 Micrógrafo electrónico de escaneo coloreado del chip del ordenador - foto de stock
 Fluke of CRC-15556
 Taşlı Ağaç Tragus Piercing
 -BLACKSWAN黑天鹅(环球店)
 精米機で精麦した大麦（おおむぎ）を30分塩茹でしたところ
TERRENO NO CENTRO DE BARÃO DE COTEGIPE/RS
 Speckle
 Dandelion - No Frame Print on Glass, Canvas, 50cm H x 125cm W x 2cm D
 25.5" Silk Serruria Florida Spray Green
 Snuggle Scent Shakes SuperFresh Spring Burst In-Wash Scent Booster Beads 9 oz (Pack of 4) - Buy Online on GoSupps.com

========================================

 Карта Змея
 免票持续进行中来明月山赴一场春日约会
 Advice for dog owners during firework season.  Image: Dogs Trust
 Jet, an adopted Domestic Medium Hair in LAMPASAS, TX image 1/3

========================================

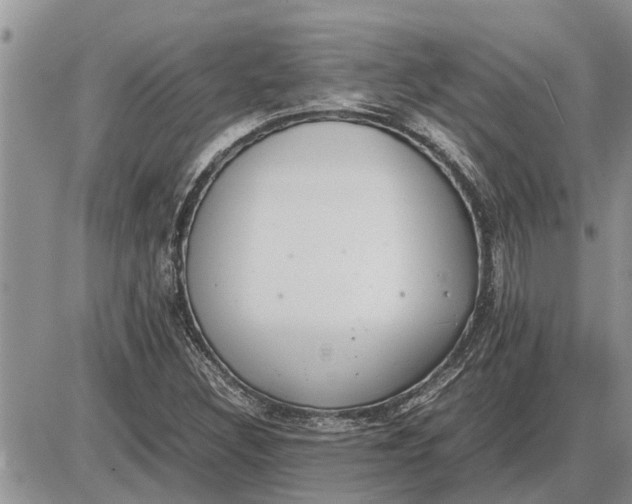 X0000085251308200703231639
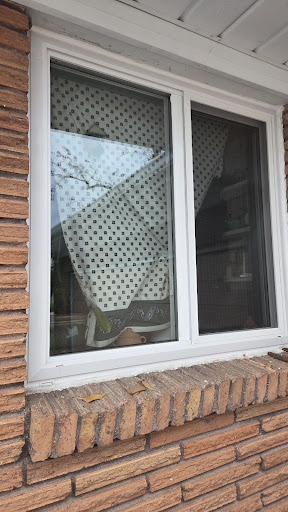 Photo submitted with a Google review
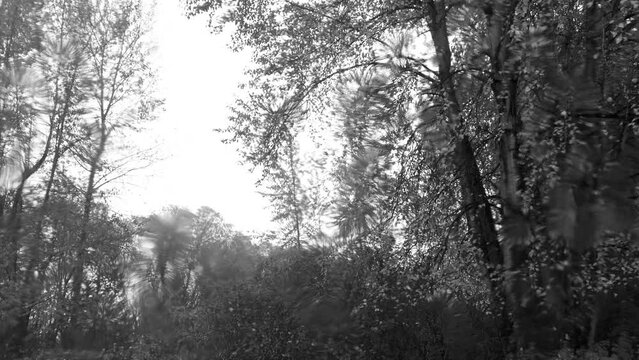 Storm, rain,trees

========================================

§ **WHAT IS NEEDED**:
Return the span of lines in the data above that opens at the line with "Micrógrafo electrónico de" and closes at the line with "Snuggle Scent Shakes", exactly, ends included, nothing else.

§ **RESULT OF THIS TASK**:
 Micrógrafo electrónico de escaneo coloreado del chip del ordenador - foto de stock
 Fluke of CRC-15556
 Taşlı Ağaç Tragus Piercing
 -BLACKSWAN黑天鹅(环球店)
 精米機で精麦した大麦（おおむぎ）を30分塩茹でしたところ
TERRENO NO CENTRO DE BARÃO DE COTEGIPE/RS
 Speckle
 Dandelion - No Frame Print on Glass, Canvas, 50cm H x 125cm W x 2cm D
 25.5" Silk Serruria Florida Spray Green
 Snuggle Scent Shakes SuperFresh Spring Burst In-Wash Scent Booster Beads 9 oz (Pack of 4) - Buy Online on GoSupps.com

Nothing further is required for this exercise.